Sitting on the edge of the bench, Reid could be an important factor if Lloyd can't handle Magic Johnson on defense. He normally replaces McCray at forward, but Reid also works some at guard.
The Rockets speedy development into a playoff force isn't necessarily surprising since most everybody gets into the playoffs anyway.
But what's happening here is a little unusual because to take the Rockets seriously as a playoff power requires a tremendous faith.
When you go from 14 victories one season to 28 the next, can you reasonably expect a team to be so good so soon that a conference championship is within reach? And that goal probably can't be reached without walking over the talented, experienced Lakers, who have been in the final series the last three years.
"That's probably too big a leap for some people, but we feel like it can happen," McCray said. "We feel like our chances of meeting the Lakers in the playoffs are very, very good. Our chances of beating them? I can give you a better prediction later."
The forecast for the Rockets was clear and sunny before the season, but some pretty bad-looking clouds formed when Lucas left the team in December after having had a drug relapse.
Hollins moved into the lineup ahead of Lucas, who last month returned to the backcourt, a Rocket problem that improved overnight. Fitch still considers the Rocket guard play his chief worry, ranking slightly ahead of the team's season-long ability to throw the ball away at the very worst time.
"We're not doing it every night, just every three nights," McCray said. "But that's too many. In fourth-quarter time, a team like the Lakers know what to do. We're still trying to find out."
Even though Fitch does not have them playing a wide-open, fast-break game like the Lakers, the Rockets have committed more turnovers than the Lakers. Sampson has more turnovers than Johnson, who handles the ball a lot more for the Lakers than Sampson does for the Rockets.
But if the Rockets don't match up well with the Lakers in the backcourt, it's different up front. Sampson, at 7-4, towers over Kurt Rambis, his 6-8 Laker matchup.
Rebounding may be a big problem for the Lakers. Olajuwon has outrebounded Kareem Abdul-Jabbar by nearly 300 this season, and Sampson has nearly 200 more rebounds than Abdul-Jabbar, the Laker leader.
Fitch, however, believes that Rocket rebounding would not be overpowering in a seven-game playoff with the Lakers.
"They've got a 37-year-old superstar at center," Fitch said. "He can't be expected to grind it out, rebound and bang 82 times a year. If he did, he wouldn't be human. And if he did, he wouldn't be around all 82 games either."

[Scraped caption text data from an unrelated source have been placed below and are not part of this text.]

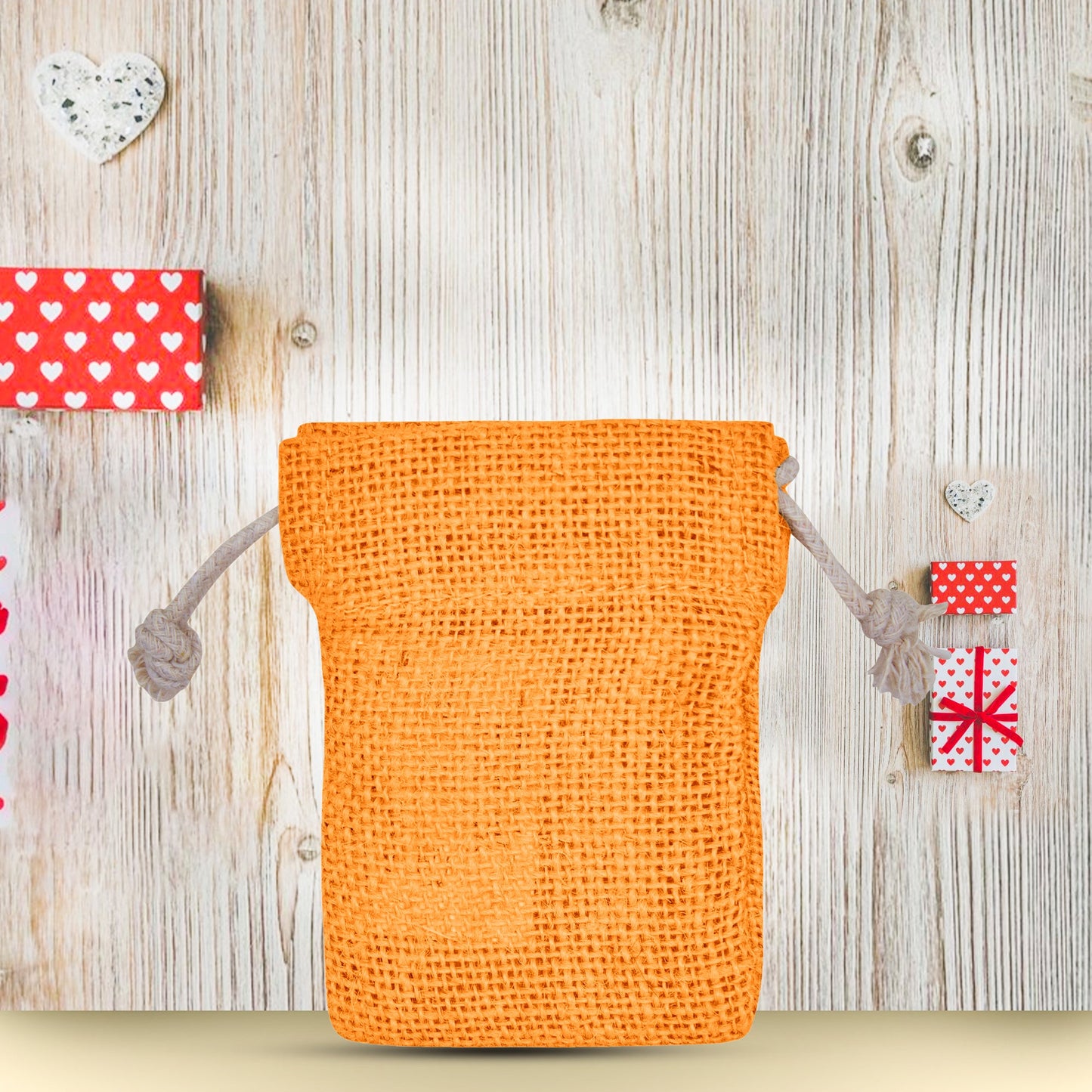 Wholesale Coloured Burlap Drawstring Jute Gift Bags for Party  (8 PCS)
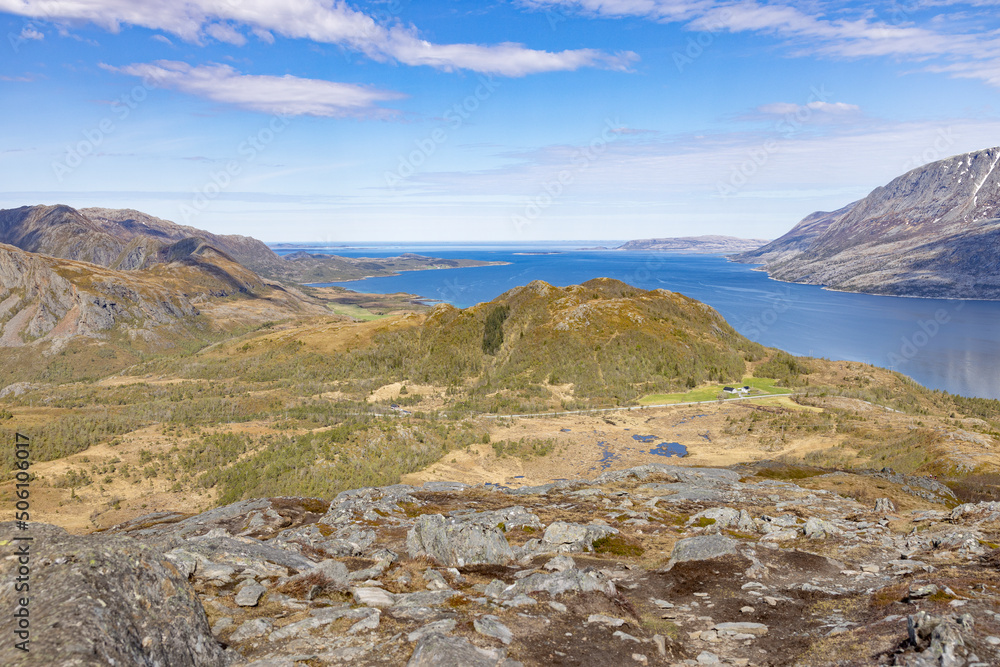 Hiking in Salbuhatten mountains,scandinavia,Europe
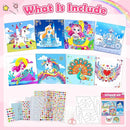 Gem Art Sticker Kit, Arts and Crafts for Kids Age 4-12, 8 Unicorn Princess Themes Diamond Art Kit, Gemstone Sticker Crafts Christmas Birthday Gifts for Girls Ages 4,5,6,7,8 Year Old (Pink-Unicorn) by TinyTreasures Baby Boutique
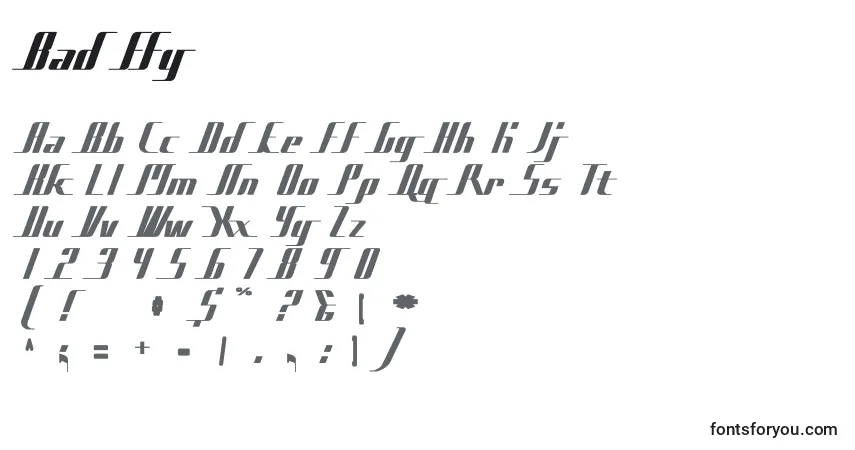 A fonte Bad ffy – alfabeto, números, caracteres especiais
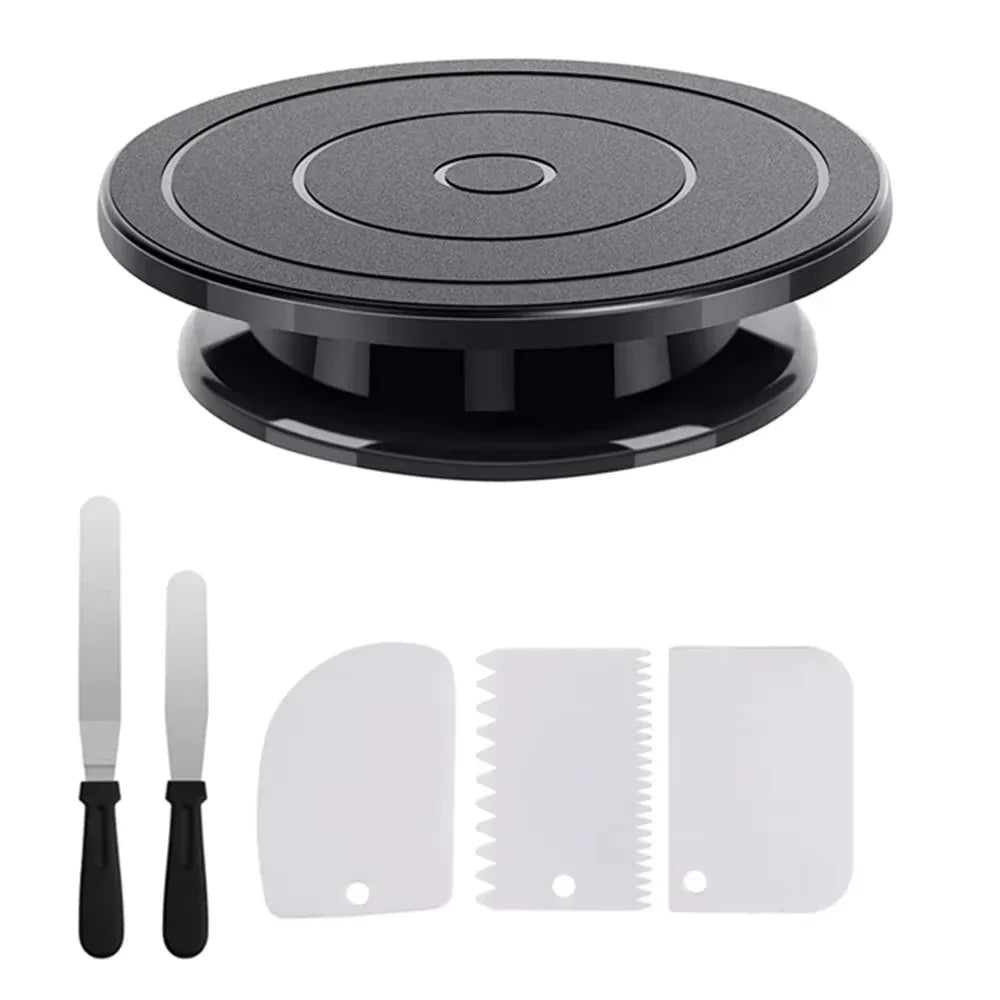 7Pcs Cake Making Tools Kit For Decorating Include Plastic Rotating Cake Turntable Icing Smoother/Spatula Cakes Leveler      0814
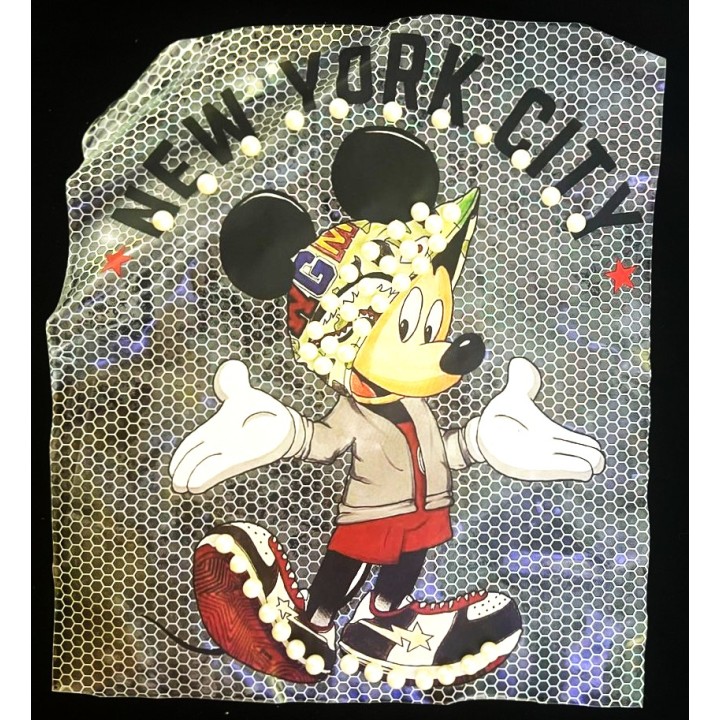 Parche decorado MAC-PAT-1194 con lentejuelas, perlas y barbas.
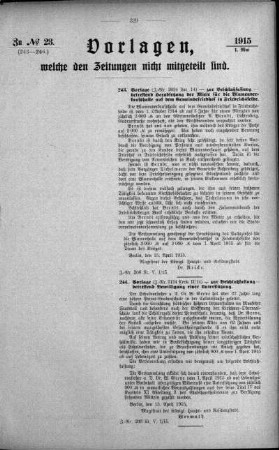Anlage: zu No.23 (243-246), Vorlagen, welche den Zeitungen nicht mitgeteilt sind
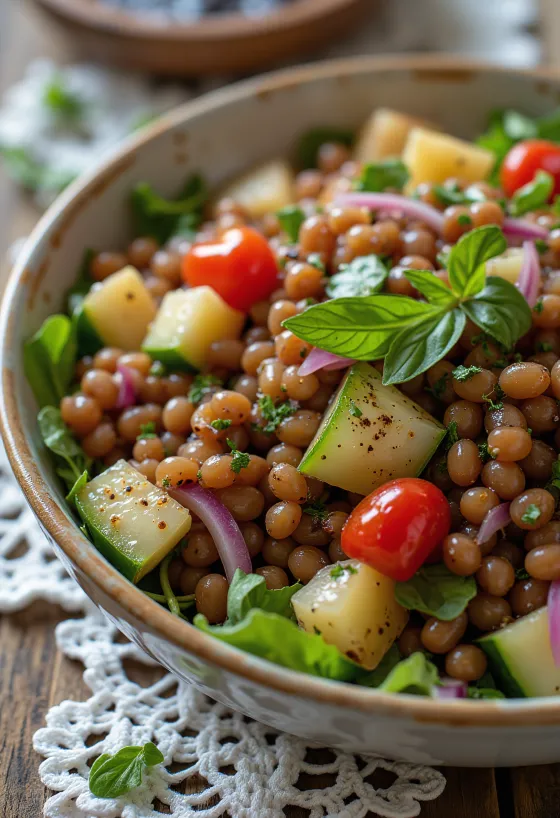 Lentil salad with chopped vegetables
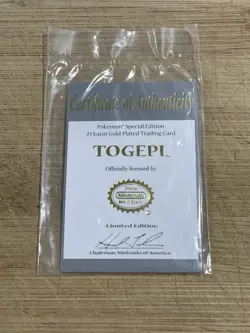 Pokemon Togepi Certificate of Authenticity For 23K Gold Burger King Card - Image 1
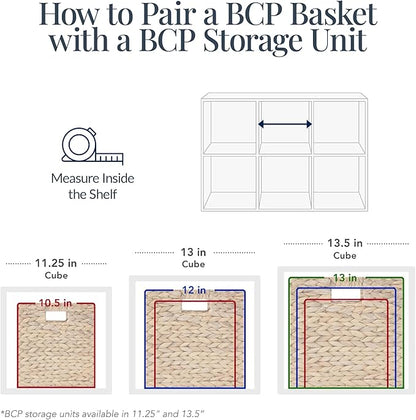 Best Choice Products 12x12in Pack of 5 Cube Storage Baskets, Water Hyacinth Multipurpose Collapsible Organizers, Handwoven Laundry Totes for Laundry, Living Room, Kids Room & Nursery - Gray
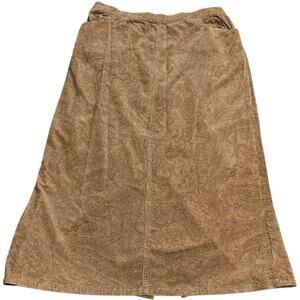 VTG Taillissime Skirt Corduroy Paisley Knee Length Western Sz Large Tan Stretch
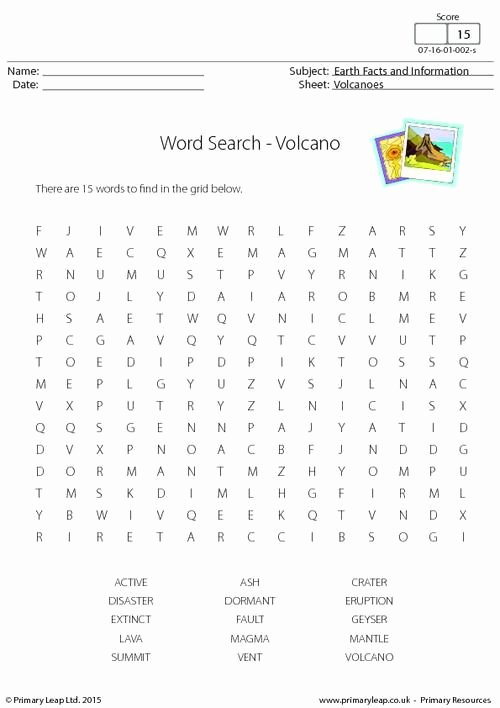 Volcano Worksheets for Kindergarten Elegant Primaryleap Word Search Volcanoes Worksheet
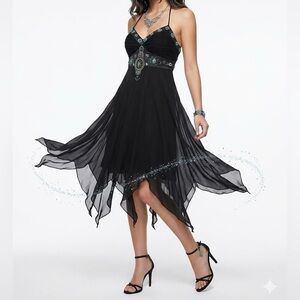 VTG 90’s Y2K Sue Wong Silk Beaded Midi Dress Asymmetric Witchy Whimsigoth Sz 6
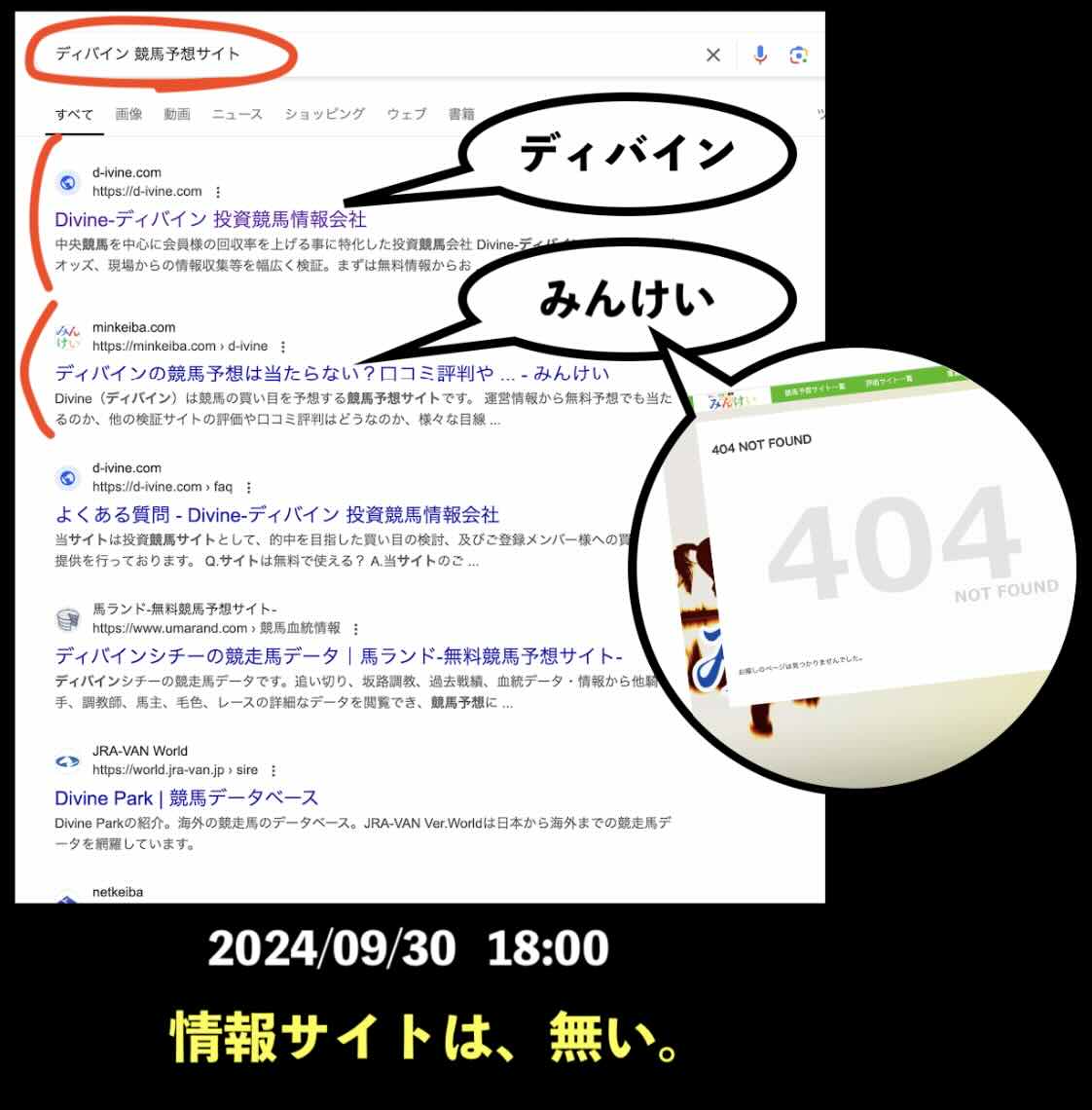 ディバインのサイト情報検索結果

To make his team more complete, Fitch yearns for a game-breaking offensive player along the lines of Chicago's Quintin Dailey, something he says the Rockets lack and clearly need.
"A guy who would rather shoot than eat," said Fitch, describing the game-breaker of his dreams.
So the Rockets close their eyes with this vision in their head. They can look down the road somewhere to the day when they meet the Lakers in the conference finals and take them out. For now, the Rockets are more a dream, and the Lakers represent reality.
Maybe it will happen for the Rockets this season. But isn't that actually a bit unrealistic?
"Probably," Fitch said. "We're growing, but they've been in the finals so often. That experience in playoffs, there's no way you can practice that."